Thursday, August 7, 2008 - 10:30 AM

COS 87-8: Abiotic and biotic drivers of exotic ascidian populations in the northeast Pacific

Erin Grey, University of Chicago

Background/Question/Methods

Both abiotic and biotic factors can influence the success of an exotic species in its new range. Understanding the relative contribution of each factor is paramount for both predicting species distributions under different climate-change scenarios and for recognizing the selective pressures shaping exotic populations. Here I utilize comparative demographic techniques to tease apart the effects of the temperature and competition on the population dynamics of an exotic colonial ascidian, /Botrylloides violaceus/, in marine fouling communities of the northeast Pacific/./ Vital rates were estimated from individual colonies grown in either the absence or presence of competitors at four different sites that vary in temperature and competition intensity. Size-structured matrix models were constructed with each set of vital rates to compare the effect of competitor presence on expected population growth rate (λ), size distributions and vital rate elasticities for populations at each site.
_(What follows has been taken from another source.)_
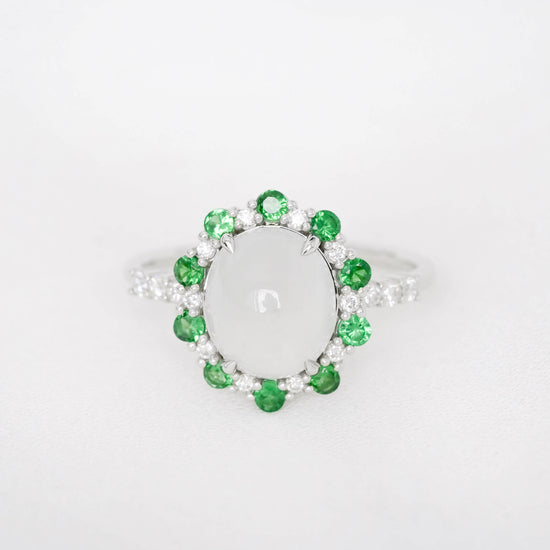 Snow Jade Scallop Halo Ring - 1532JRW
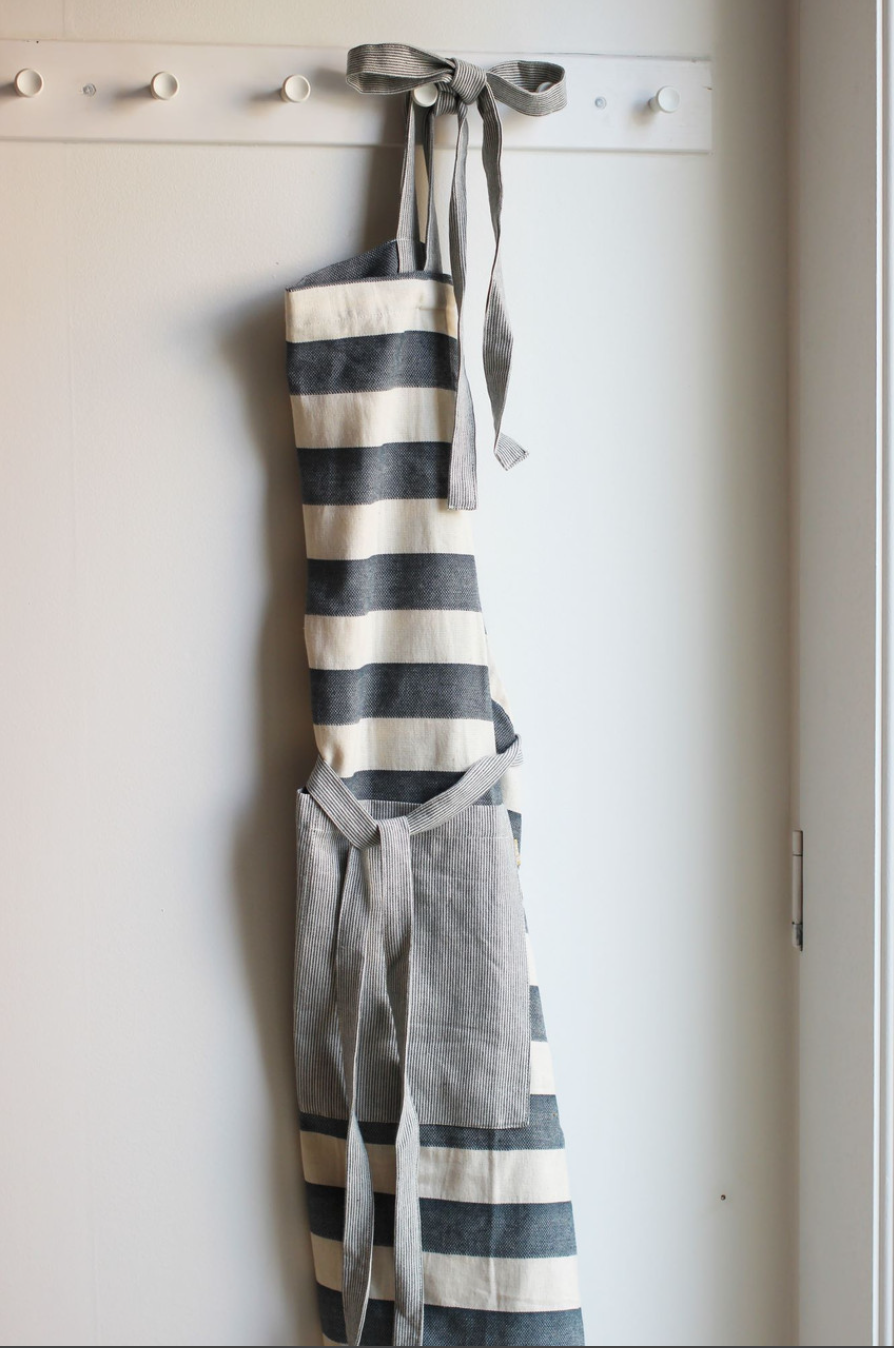 Tie Apron- Wide stripe Dark Slate Blue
Projections of these size-structured matrices with and without space-limitation and temperature-dependent vital rates were also fit to population, community diversity and temperature data collected at regular intervals at each site over three years.

Results/Conclusions

Results clearly show that temperature drove population growth rates across sites and within years. Competition intensity alone altered population size-distributions but only slightly decreased growth rates within sites. The implications of these results will be discussed in a life-history evolution context. Another interesting result of this study is that competition intensity was not correlated with species diversity, which conflicts with Elton’s popular and well-supported hypothesis that more diverse communities more thoroughly utilize resources and thereby limit exotic species success. This highlights the need to explicitly incorporate abiotic factors, such as temperature, when predicting future population dynamics and spread of exotic species.